Task -
All of the entries, apart from their pictures, are to be copied verbatim.

Records provided -
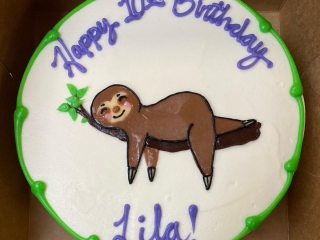 SLEEPING HANGING SLOTH NAP FOR KIDS BIRTHDAY CELELBRATION PARTY CAKE IN CHICAGO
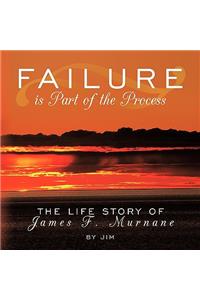 Failure is Part of the Process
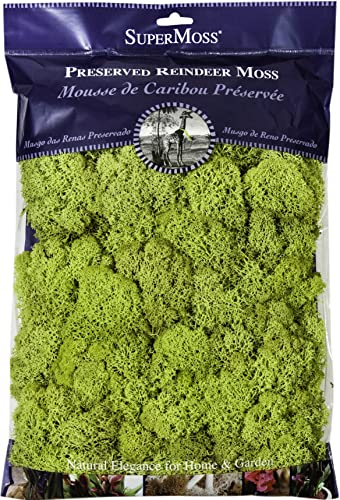 Super Moss 21669 Reindeer Moss Preserved, Chartreuse, 8oz (200 cubic inch)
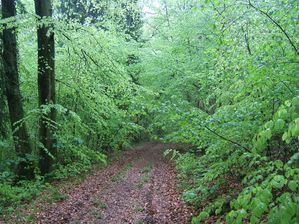 DSCF9326.JPG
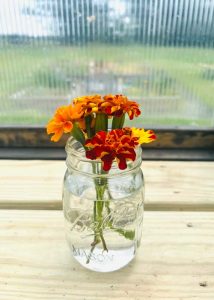 Marigolds flowers inside of a mason jar with water
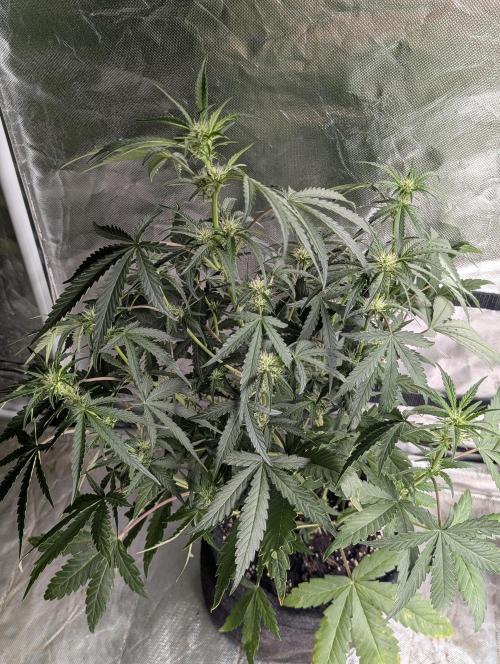 Guava X Gelato 41 x3. Week 5 - 3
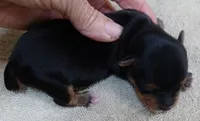 Peyton, a male Yorkshire Terrier for sale in Colcord, OK – 4 of 10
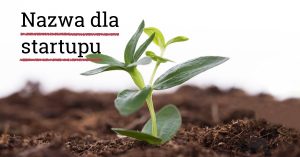 Nazwa dla startupu. Który rodzaj nazwy wybrać?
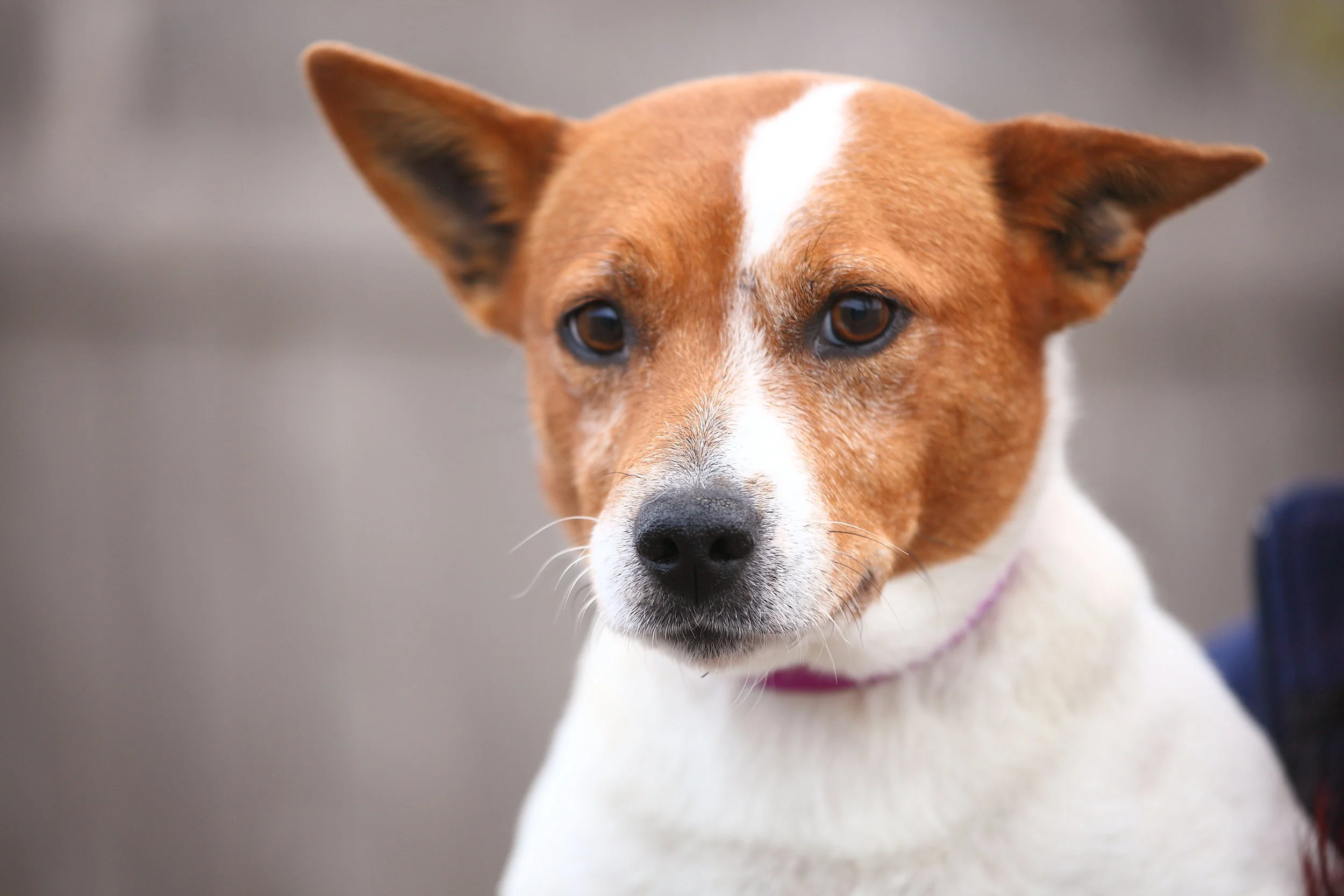 Animal Lifeline of Iowa 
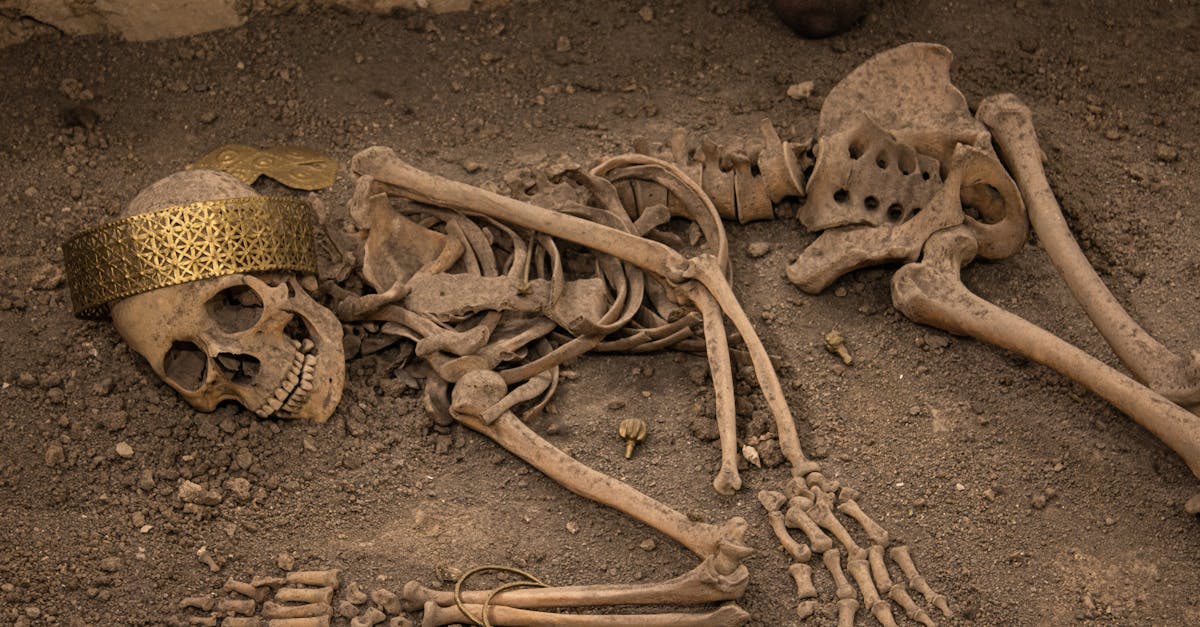 Archaeologists Discover Approximately 150 Ancient Burial Mounds in Kazakhstan's West Kazakhstan Region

Answer to this task -
 SLEEPING HANGING SLOTH NAP FOR KIDS BIRTHDAY CELELBRATION PARTY CAKE IN CHICAGO
 Failure is Part of the Process
 Super Moss 21669 Reindeer Moss Preserved, Chartreuse, 8oz (200 cubic inch)
 DSCF9326.JPG
 Marigolds flowers inside of a mason jar with water
 Guava X Gelato 41 x3. Week 5 - 3
 Peyton, a male Yorkshire Terrier for sale in Colcord, OK – 4 of 10
 Nazwa dla startupu. Który rodzaj nazwy wybrać?
 Animal Lifeline of Iowa 
 Archaeologists Discover Approximately 150 Ancient Burial Mounds in Kazakhstan's West Kazakhstan Region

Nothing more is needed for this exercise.